§ **Exercise objective**
Print every line of the material below exactly as it stands, but omit the pictures.

§ **Dataset section**
# # # # #

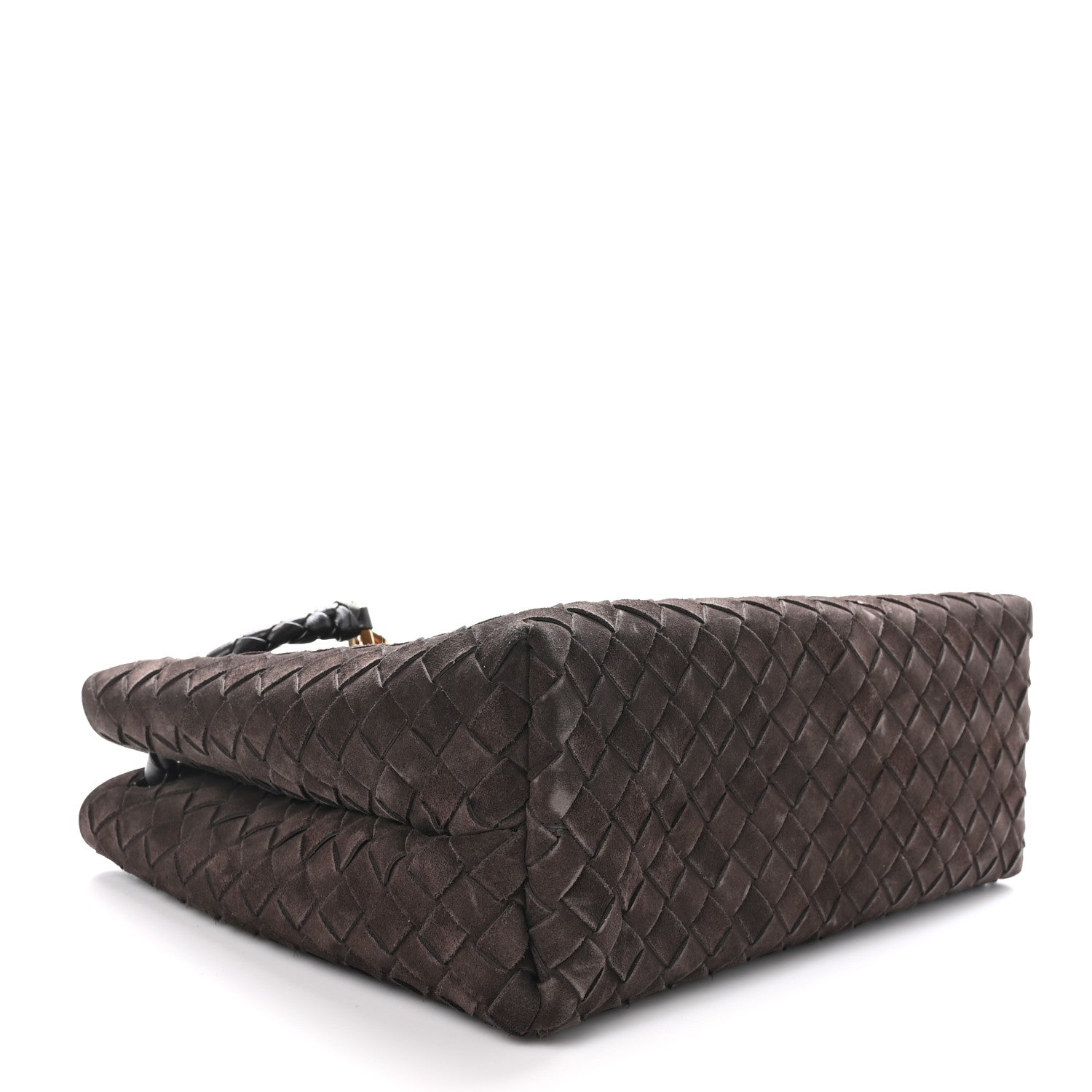 Bottega Veneta Suede Intrecciato Medium Andiamo Shoulder Bag Fondant 4 of 9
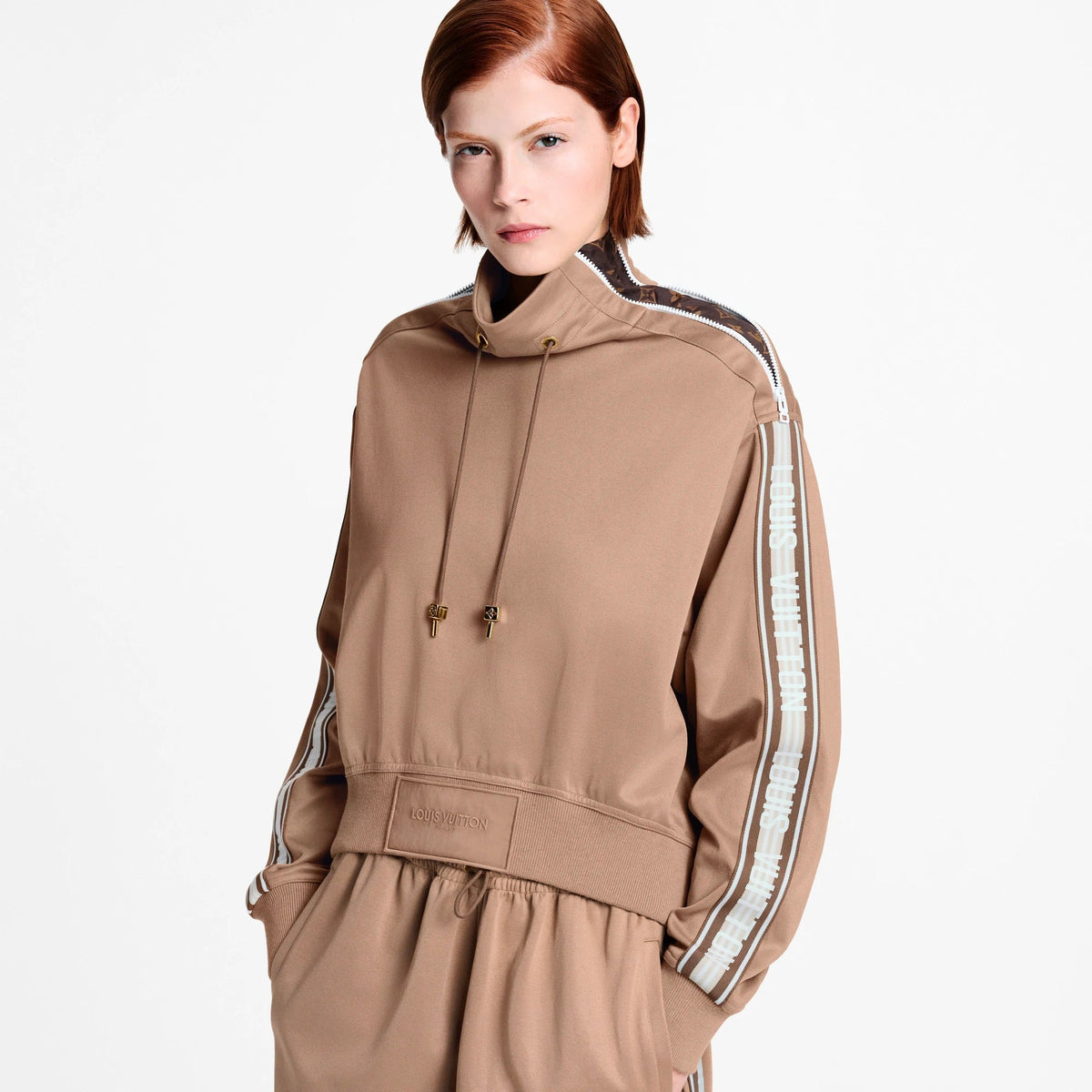 Signature Stripe High-Neck Sweater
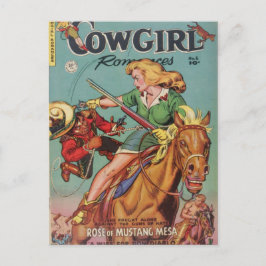 Cowgirl Briefkaart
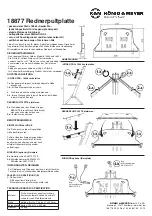 Konig & Meyer 18877 Manual предпросмотр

# # # # #

§ **Response box**
 Bottega Veneta Suede Intrecciato Medium Andiamo Shoulder Bag Fondant 4 of 9
 Signature Stripe High-Neck Sweater
 Cowgirl Briefkaart
 Konig & Meyer 18877 Manual предпросмотр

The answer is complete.